◆ Exercise goal
Starting at the line holding "ロゴ グリーン ゴールド" and finishing at the line holding "Sportmax Sporty Denim", transcribe the material exactly, keeping both ends but no pictures.

◆ Material provided
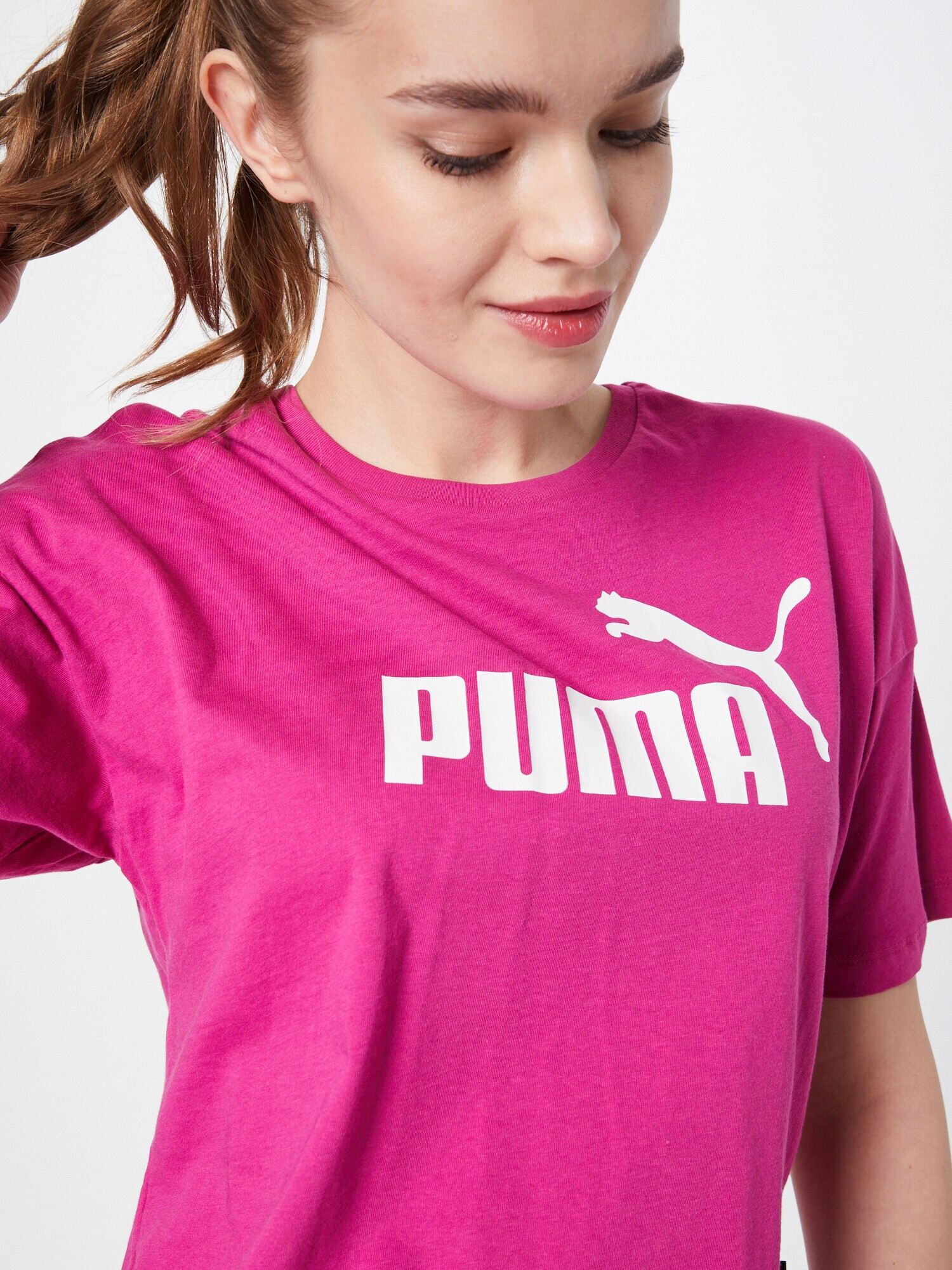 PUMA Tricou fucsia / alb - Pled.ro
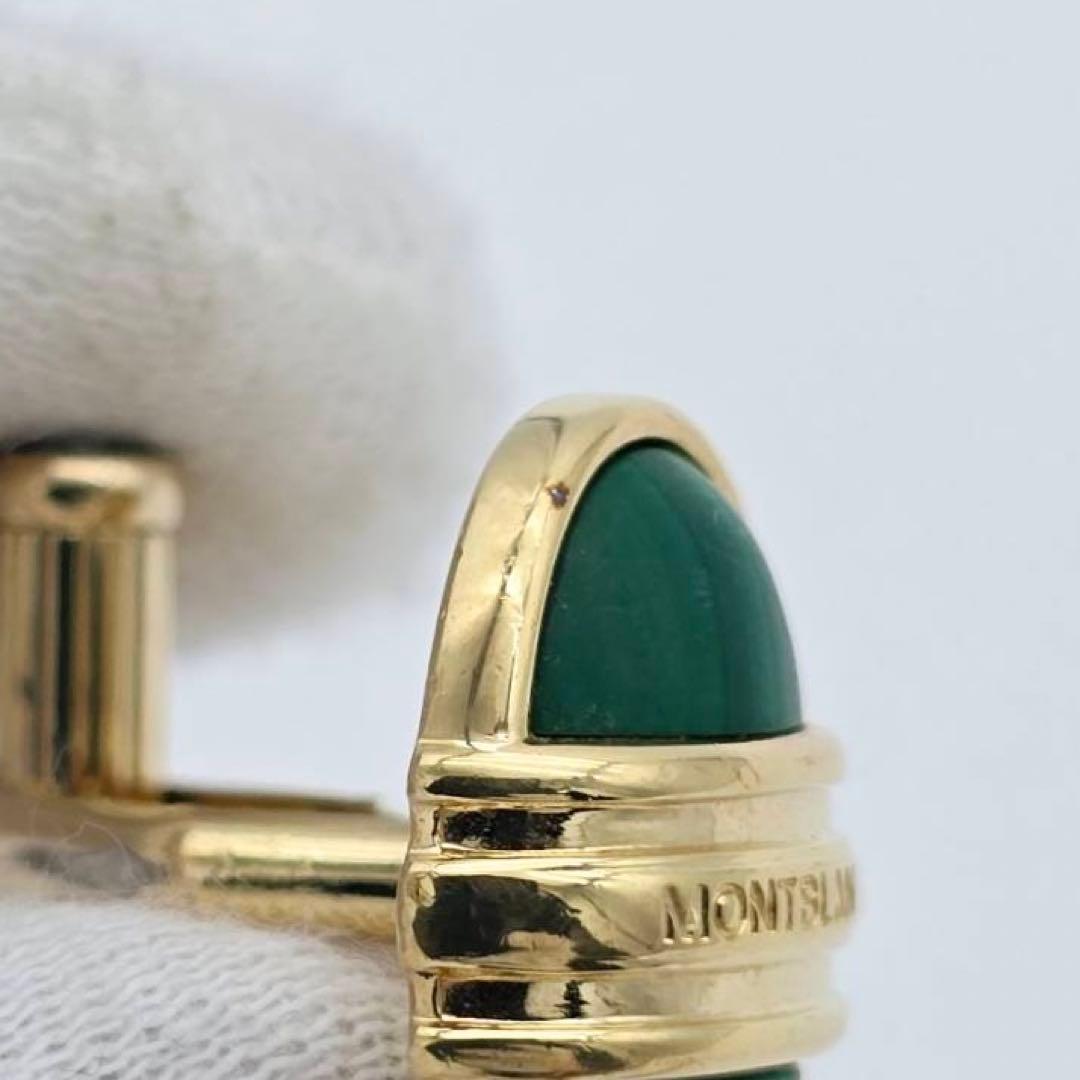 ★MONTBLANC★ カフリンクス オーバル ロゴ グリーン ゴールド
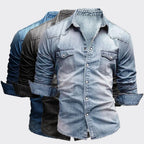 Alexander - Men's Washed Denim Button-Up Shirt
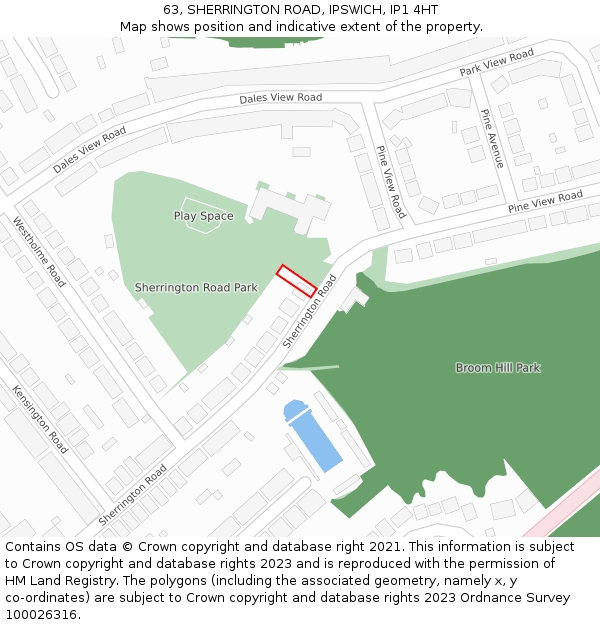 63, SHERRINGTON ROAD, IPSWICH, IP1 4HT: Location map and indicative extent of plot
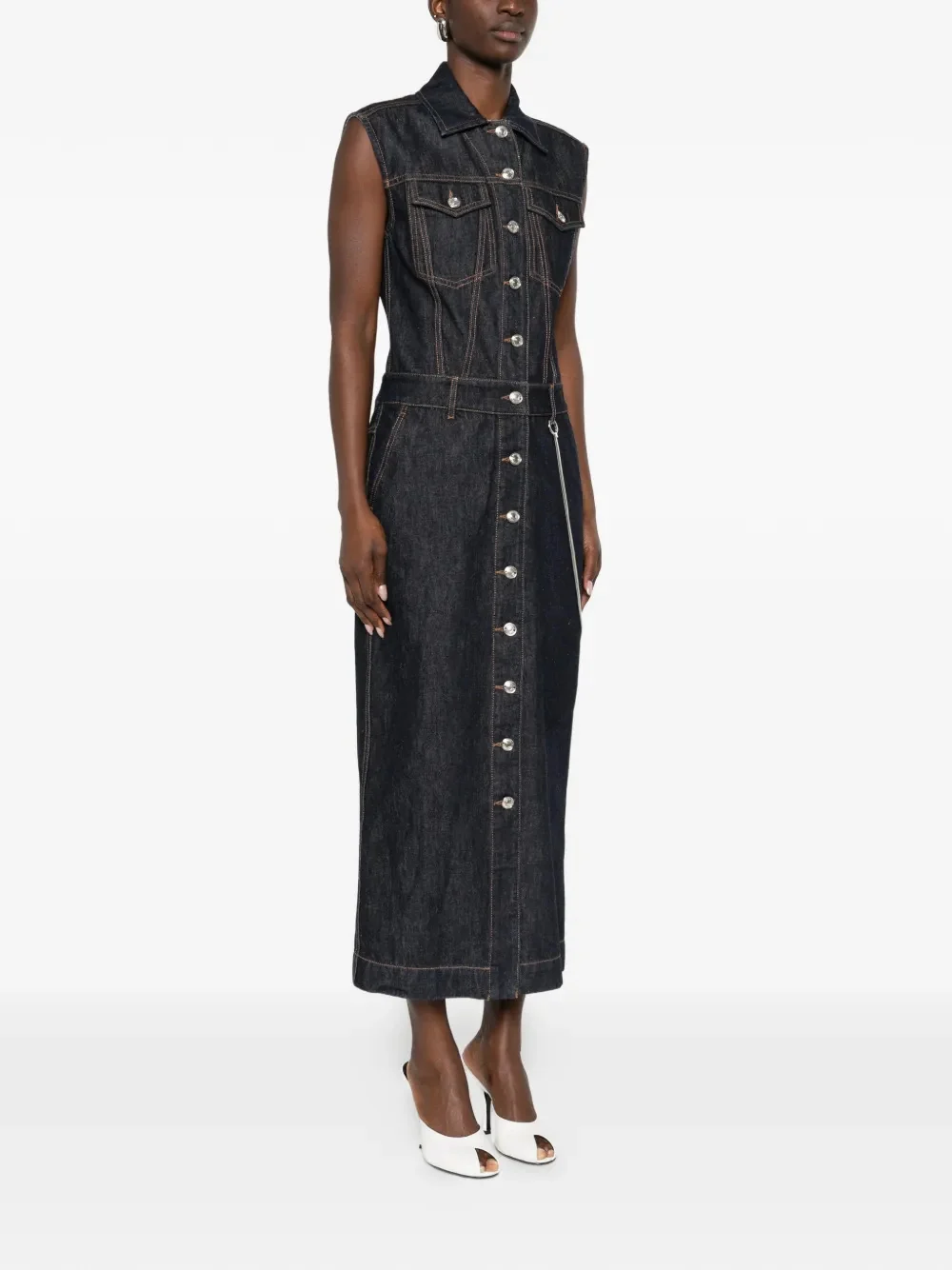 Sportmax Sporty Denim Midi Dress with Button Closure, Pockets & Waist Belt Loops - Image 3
--
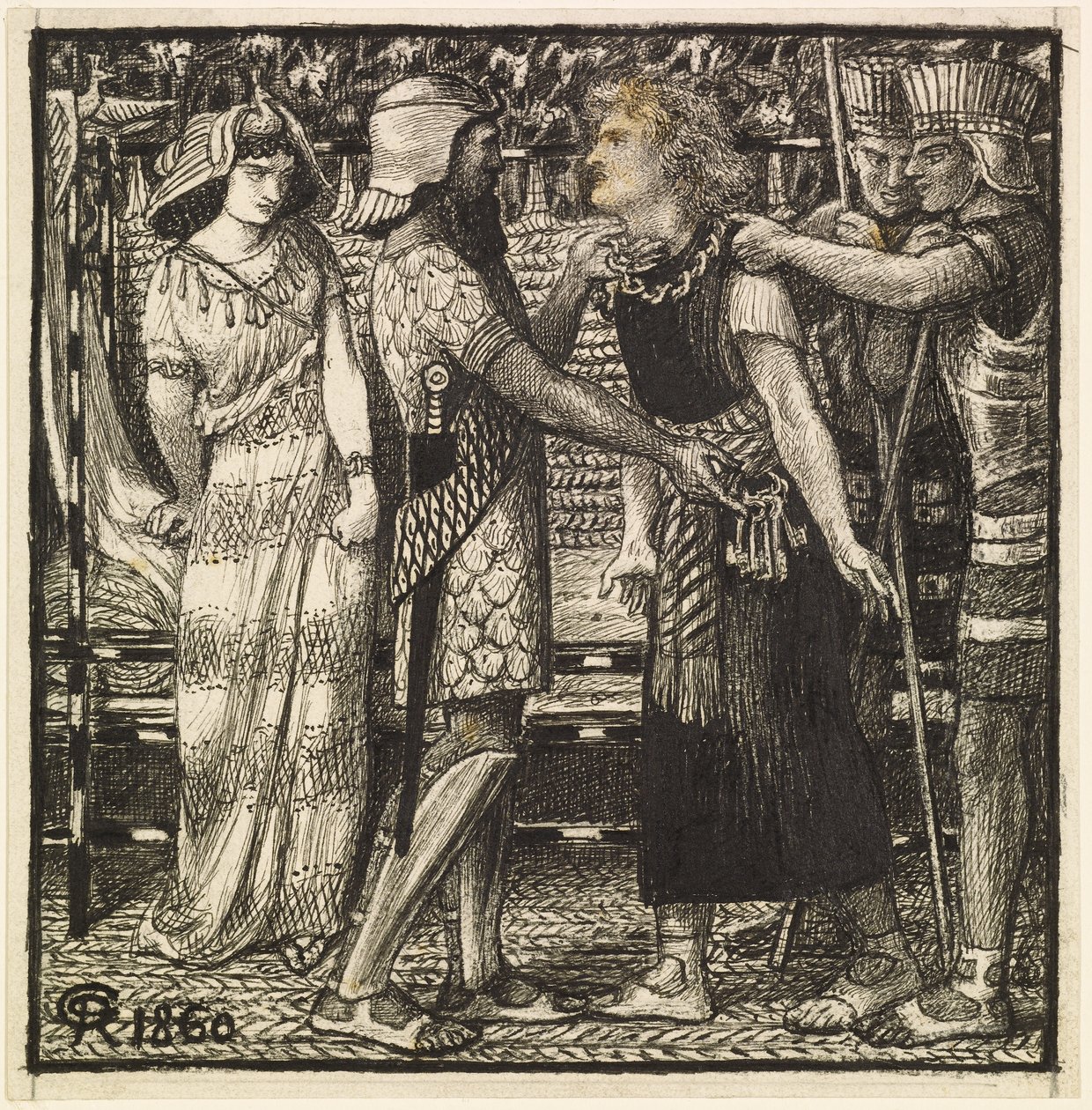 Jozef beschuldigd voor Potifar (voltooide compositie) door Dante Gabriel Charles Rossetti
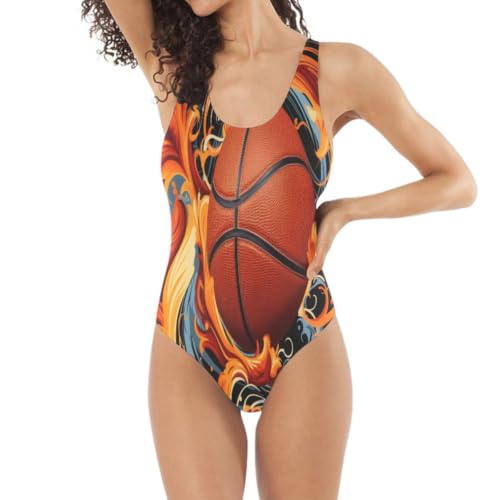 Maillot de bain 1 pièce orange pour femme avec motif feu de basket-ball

◆ Solution for this exercise
 ★MONTBLANC★ カフリンクス オーバル ロゴ グリーン ゴールド
 Alexander - Men's Washed Denim Button-Up Shirt
 63, SHERRINGTON ROAD, IPSWICH, IP1 4HT: Location map and indicative extent of plot
 Sportmax Sporty Denim Midi Dress with Button Closure, Pockets & Waist Belt Loops - Image 3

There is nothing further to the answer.